Finalement, ces réformes successives censées diminuer régler le problème de la dette de la SNCF et diminuer les coûts pour les usagers l’ont non seulement amplifiée mais ce sont également faites au prix de la précarisation des cheminots, pour des avantages plus qu’hypothétiques pour les usagers, et sans aucune garantie de l’amélioration de la situation financière de la SNCF. En effet, la fragmentation de la SNCF en multiples activités autonomes et le passage en sociétés anonymes obligent à segmenter la société en entités autonomes. Or, sud rail rappelle que « l’effet induit se retrouve dans les frais de structures et les coûts de transactions qui entraînent le recrutement de personnels d’encadrement qui constitue à lui seul plus de 37% des embauches alors que 3768 postes étaient supprimés sur le terrain sur la même période. Moins d’agents sur le terrain pour la production et le service, plus d’agents dans les bureaux pour gérer les multiples structures créées par les contre-réformes ferroviaire de 2014 et 2018, c’est le triste bilan des dernières années de gestion ».

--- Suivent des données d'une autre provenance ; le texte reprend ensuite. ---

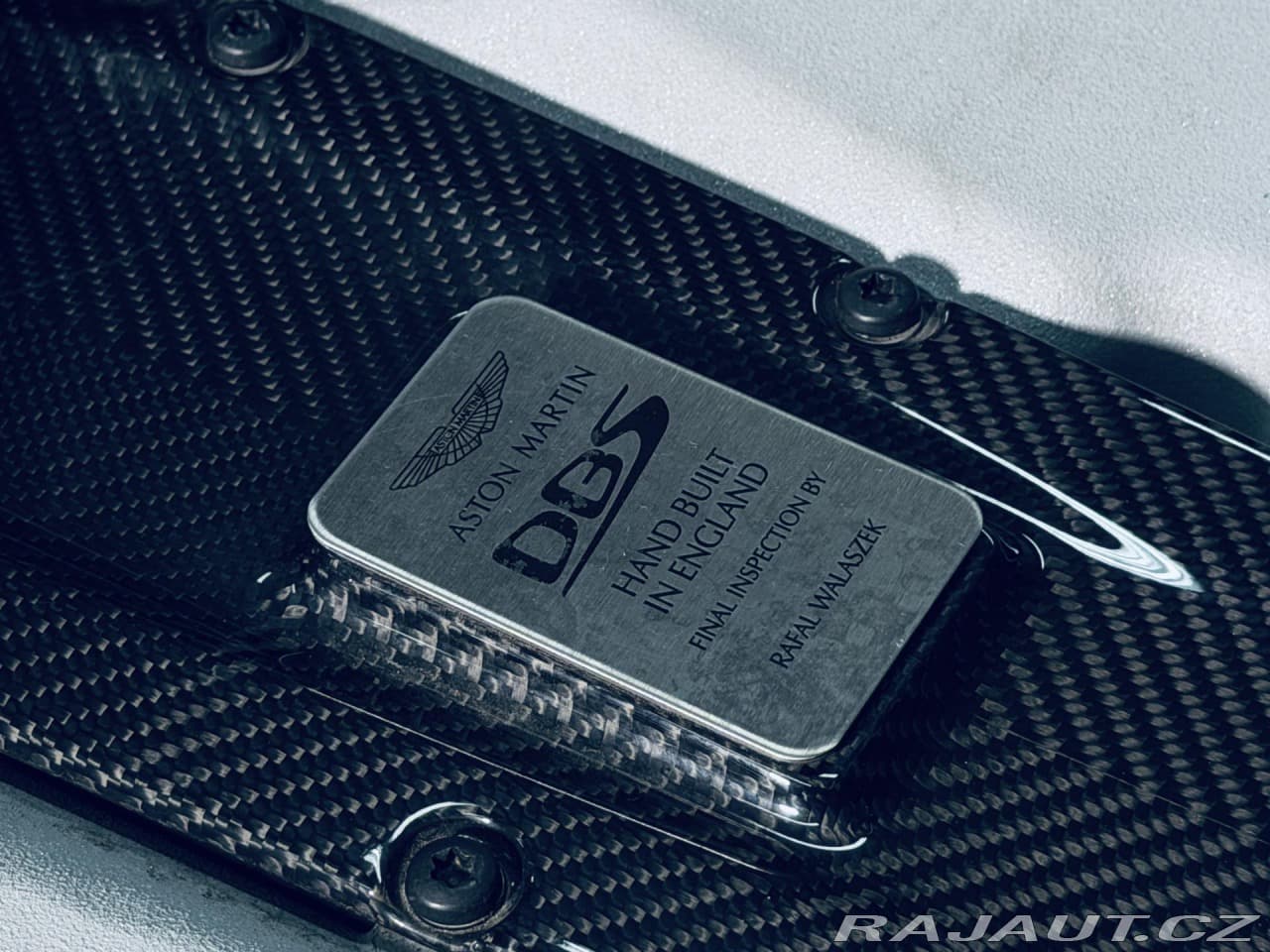 2019 Aston Martin DBS - 8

La crise sanitaire a mis en exergue les conséquences désastreuses qu’entrainent la privatisation et les restructurations de la SNCF, tant pour les travailleur-se-s que pour les usagers. Alors que les transports restent un secteur essentiel pour l’économie, la gestion catastrophique de la crise par le gouvernement a amplifié la dette – la SNCF étant contrainte de faire un emprunt de 2 milliards supplémentaires sur 30 ans - tout en mettant en danger la santé des salarié-e-s et des usagers ; en témoignent les images de RER et métros bondés.
La réforme de la SNCF symbolise bien les effets d’une politique néolibérale qui ne fait qu’accélérer la précarisation du travail et dans laquelle les suppressions massives d’emplois s’enchainent dans le but de faire toujours plus de profits. Face à ces politiques, il est plus que nécessaire d’exiger un service public de transport en commun et gratuit à même d’assurer les enjeux sociaux et écologiques et sans que cela ne se fasse au détriment des travailleur-se-s. Dans un cadre identique nous pouvons retrouver les travailleurs de la RATP qui font face à la loi LOM, fortement inspirée de la réforme ferroviaire de 2018. Les travailleurs des transports doivent être tous sous les mêmes conditions de travail, nivelées par le haut pour éviter le dumping social.